Visando efectivar o direito a ver reconstituída a situação que existiria se o acto ilegal não tivesse sido praticado, o Exequente peticiona a condenação do Governo da RAM a determinar o encerramento da actividade de inspecções à M........... Ainda nessa mesma lógica, de mera indemnização repristinatória, o Exequente alega que em cumprimento da sentença exequenda teria de ser colocado no 1.º lugar do concurso e com essa colocação passaria a auferir os montantes peticionados.

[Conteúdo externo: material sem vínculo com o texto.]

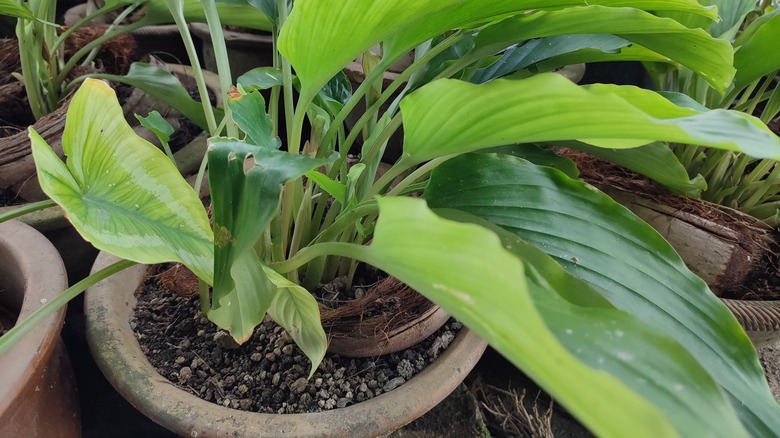 Turmeric plants growing in clay pots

Ou seja, o valor que o Exequente reclama no seu petitório final tem correspondência com as alegações feitas na PI relativas ao direito a ser colocado em 1.º lugar no concurso, por estar certo que por via dessa colocação auferiria tais montantes e com a invocação de que este petitório corresponde a uma mera tutela reconstitutiva ou repristinatória.

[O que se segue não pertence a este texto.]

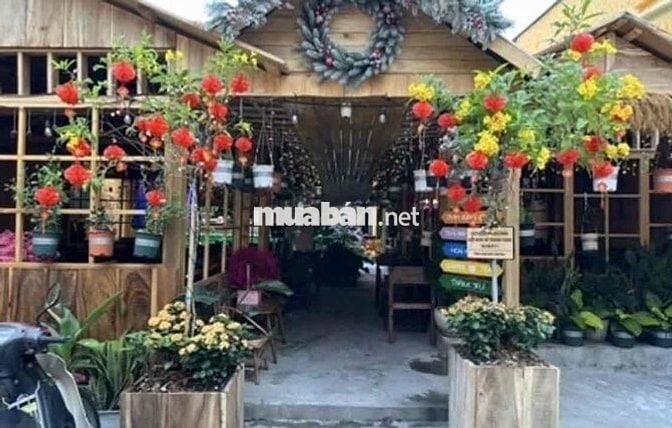 cho thuê nhà kinh doanh F&B trung tâm quận 3 dtsd 250m2 giá cực hời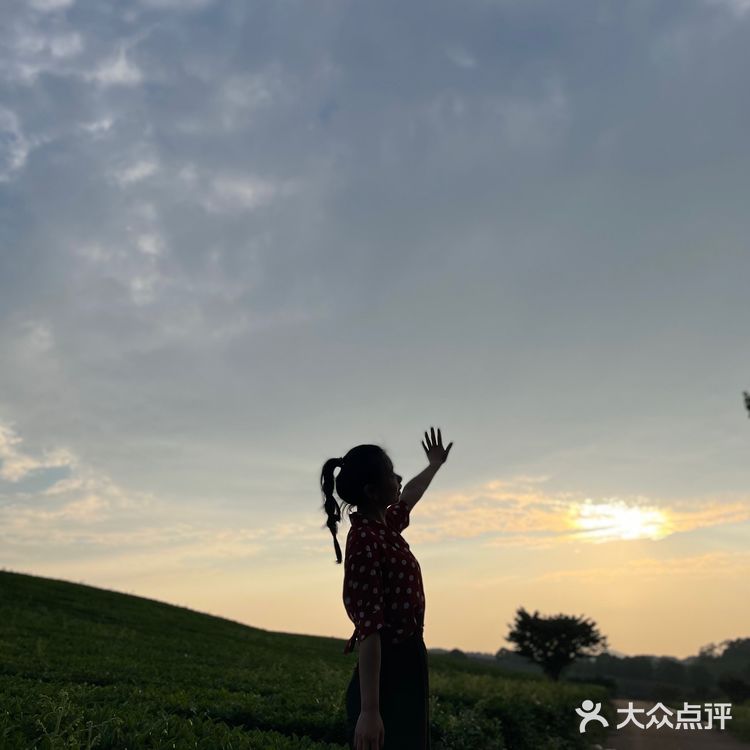 位于花溪的羊艾茶场，非常推荐大家伙去看看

Mas um tanto incongruentemente o Exequente também diz também pretender uma indemnização “em consequência do acto ilícito da resolução do Conselho, acto anulado pelo Acórdão transitado em julgado”, correspondente às “vantagens que o exequente deixou de obter (danos emergentes) e que, ao fim ao cabo, correspondem (…) aos lucros obtidos pela entidade à qual foi entregue a concessão por todo o período que ela perdurou “ (cf. art.ºs 37.º a 58.º da PI).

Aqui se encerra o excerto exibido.